_WHAT TO PRODUCE_
Given the entries that follow, write out exactly the lines starting at the one containing "Modern balcony with" and ending at the one containing "Patrón sin costuras", both ends included, and only those.

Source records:
■ ■ ■

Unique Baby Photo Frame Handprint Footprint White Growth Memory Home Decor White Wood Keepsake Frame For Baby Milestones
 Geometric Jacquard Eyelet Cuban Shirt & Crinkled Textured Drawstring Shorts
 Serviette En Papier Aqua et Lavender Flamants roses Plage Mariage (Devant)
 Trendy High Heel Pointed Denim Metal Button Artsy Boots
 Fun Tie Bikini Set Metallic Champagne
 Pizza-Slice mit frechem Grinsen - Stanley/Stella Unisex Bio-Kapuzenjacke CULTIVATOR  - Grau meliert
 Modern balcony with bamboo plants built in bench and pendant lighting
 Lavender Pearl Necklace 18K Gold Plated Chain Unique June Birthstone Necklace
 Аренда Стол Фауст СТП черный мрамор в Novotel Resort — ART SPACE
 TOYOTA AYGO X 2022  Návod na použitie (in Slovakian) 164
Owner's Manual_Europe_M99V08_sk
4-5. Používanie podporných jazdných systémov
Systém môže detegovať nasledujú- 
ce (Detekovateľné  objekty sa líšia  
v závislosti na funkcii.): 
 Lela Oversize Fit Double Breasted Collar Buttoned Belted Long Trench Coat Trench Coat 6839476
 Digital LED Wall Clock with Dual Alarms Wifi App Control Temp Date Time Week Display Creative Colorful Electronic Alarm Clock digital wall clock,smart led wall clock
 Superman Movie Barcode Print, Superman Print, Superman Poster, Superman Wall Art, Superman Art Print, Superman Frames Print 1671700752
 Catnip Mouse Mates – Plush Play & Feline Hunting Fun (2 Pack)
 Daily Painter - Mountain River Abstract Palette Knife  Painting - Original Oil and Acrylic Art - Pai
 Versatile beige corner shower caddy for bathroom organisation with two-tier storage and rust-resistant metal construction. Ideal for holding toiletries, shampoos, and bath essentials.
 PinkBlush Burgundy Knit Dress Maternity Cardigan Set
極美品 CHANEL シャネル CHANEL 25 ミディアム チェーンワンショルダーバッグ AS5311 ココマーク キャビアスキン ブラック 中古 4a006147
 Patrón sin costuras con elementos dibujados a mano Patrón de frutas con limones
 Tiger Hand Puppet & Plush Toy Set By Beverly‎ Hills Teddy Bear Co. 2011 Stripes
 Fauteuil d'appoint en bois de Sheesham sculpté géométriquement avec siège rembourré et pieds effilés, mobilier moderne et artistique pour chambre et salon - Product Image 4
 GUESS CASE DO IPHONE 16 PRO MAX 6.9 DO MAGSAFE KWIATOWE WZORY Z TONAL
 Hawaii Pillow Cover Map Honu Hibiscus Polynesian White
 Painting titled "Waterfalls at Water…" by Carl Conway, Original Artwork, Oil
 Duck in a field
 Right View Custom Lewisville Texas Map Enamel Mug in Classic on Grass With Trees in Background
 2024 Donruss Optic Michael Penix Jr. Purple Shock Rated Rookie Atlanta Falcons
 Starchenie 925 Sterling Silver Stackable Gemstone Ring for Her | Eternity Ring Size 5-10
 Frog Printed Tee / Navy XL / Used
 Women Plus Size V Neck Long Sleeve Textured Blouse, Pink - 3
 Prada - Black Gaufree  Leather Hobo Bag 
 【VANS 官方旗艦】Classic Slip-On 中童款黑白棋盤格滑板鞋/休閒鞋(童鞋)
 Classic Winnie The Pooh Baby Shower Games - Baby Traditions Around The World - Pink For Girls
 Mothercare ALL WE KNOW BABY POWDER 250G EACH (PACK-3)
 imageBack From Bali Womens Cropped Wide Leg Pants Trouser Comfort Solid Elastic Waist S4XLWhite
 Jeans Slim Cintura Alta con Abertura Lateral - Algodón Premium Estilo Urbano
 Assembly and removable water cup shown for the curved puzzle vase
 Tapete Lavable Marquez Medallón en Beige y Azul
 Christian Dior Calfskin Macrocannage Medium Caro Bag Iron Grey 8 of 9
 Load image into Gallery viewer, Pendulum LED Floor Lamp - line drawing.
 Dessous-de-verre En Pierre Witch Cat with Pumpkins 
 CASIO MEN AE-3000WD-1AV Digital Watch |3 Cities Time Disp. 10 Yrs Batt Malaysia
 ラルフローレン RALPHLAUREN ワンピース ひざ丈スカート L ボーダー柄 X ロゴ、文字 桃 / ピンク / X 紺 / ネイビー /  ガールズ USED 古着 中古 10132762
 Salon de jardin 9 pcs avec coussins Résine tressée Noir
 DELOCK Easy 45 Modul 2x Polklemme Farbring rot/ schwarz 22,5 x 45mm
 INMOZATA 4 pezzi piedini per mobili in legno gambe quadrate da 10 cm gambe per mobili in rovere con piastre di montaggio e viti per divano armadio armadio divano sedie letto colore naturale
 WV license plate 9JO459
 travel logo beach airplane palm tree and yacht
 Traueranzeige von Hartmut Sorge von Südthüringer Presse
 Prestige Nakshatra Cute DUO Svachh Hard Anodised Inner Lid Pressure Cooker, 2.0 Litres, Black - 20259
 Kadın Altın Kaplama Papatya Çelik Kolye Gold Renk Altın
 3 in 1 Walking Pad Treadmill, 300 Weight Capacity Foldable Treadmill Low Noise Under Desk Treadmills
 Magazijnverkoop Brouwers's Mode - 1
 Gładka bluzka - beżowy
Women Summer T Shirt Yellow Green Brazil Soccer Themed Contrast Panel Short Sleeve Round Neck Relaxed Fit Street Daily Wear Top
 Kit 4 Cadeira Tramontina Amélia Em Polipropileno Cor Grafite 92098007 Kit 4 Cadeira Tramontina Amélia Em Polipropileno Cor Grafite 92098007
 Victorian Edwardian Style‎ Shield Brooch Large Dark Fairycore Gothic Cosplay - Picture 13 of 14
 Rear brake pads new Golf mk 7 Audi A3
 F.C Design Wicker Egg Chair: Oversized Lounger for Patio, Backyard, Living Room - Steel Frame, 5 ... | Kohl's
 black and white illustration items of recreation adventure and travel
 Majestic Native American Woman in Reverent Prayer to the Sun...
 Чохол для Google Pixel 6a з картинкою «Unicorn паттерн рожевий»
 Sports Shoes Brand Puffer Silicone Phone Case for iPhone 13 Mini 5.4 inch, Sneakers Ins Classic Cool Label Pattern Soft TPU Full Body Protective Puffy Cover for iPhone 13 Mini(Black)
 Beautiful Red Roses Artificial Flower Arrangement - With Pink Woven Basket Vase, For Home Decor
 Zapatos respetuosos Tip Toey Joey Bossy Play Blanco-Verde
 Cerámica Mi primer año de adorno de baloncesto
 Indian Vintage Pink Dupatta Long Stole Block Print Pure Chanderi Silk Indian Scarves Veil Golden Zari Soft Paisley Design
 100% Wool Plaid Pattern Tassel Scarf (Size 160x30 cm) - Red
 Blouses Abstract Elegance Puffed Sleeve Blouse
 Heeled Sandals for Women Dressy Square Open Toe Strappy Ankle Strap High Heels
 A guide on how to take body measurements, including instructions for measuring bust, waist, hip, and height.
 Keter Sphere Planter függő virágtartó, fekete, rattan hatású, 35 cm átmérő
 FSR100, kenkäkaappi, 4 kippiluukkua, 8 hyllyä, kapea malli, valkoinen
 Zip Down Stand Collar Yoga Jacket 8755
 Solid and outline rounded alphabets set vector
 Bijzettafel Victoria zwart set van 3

■ ■ ■

_FINISHED TASK_
 Modern balcony with bamboo plants built in bench and pendant lighting
 Lavender Pearl Necklace 18K Gold Plated Chain Unique June Birthstone Necklace
 Аренда Стол Фауст СТП черный мрамор в Novotel Resort — ART SPACE
 TOYOTA AYGO X 2022  Návod na použitie (in Slovakian) 164
Owner's Manual_Europe_M99V08_sk
4-5. Používanie podporných jazdných systémov
Systém môže detegovať nasledujú- 
ce (Detekovateľné  objekty sa líšia  
v závislosti na funkcii.): 
 Lela Oversize Fit Double Breasted Collar Buttoned Belted Long Trench Coat Trench Coat 6839476
 Digital LED Wall Clock with Dual Alarms Wifi App Control Temp Date Time Week Display Creative Colorful Electronic Alarm Clock digital wall clock,smart led wall clock
 Superman Movie Barcode Print, Superman Print, Superman Poster, Superman Wall Art, Superman Art Print, Superman Frames Print 1671700752
 Catnip Mouse Mates – Plush Play & Feline Hunting Fun (2 Pack)
 Daily Painter - Mountain River Abstract Palette Knife  Painting - Original Oil and Acrylic Art - Pai
 Versatile beige corner shower caddy for bathroom organisation with two-tier storage and rust-resistant metal construction. Ideal for holding toiletries, shampoos, and bath essentials.
 PinkBlush Burgundy Knit Dress Maternity Cardigan Set
極美品 CHANEL シャネル CHANEL 25 ミディアム チェーンワンショルダーバッグ AS5311 ココマーク キャビアスキン ブラック 中古 4a006147
 Patrón sin costuras con elementos dibujados a mano Patrón de frutas con limones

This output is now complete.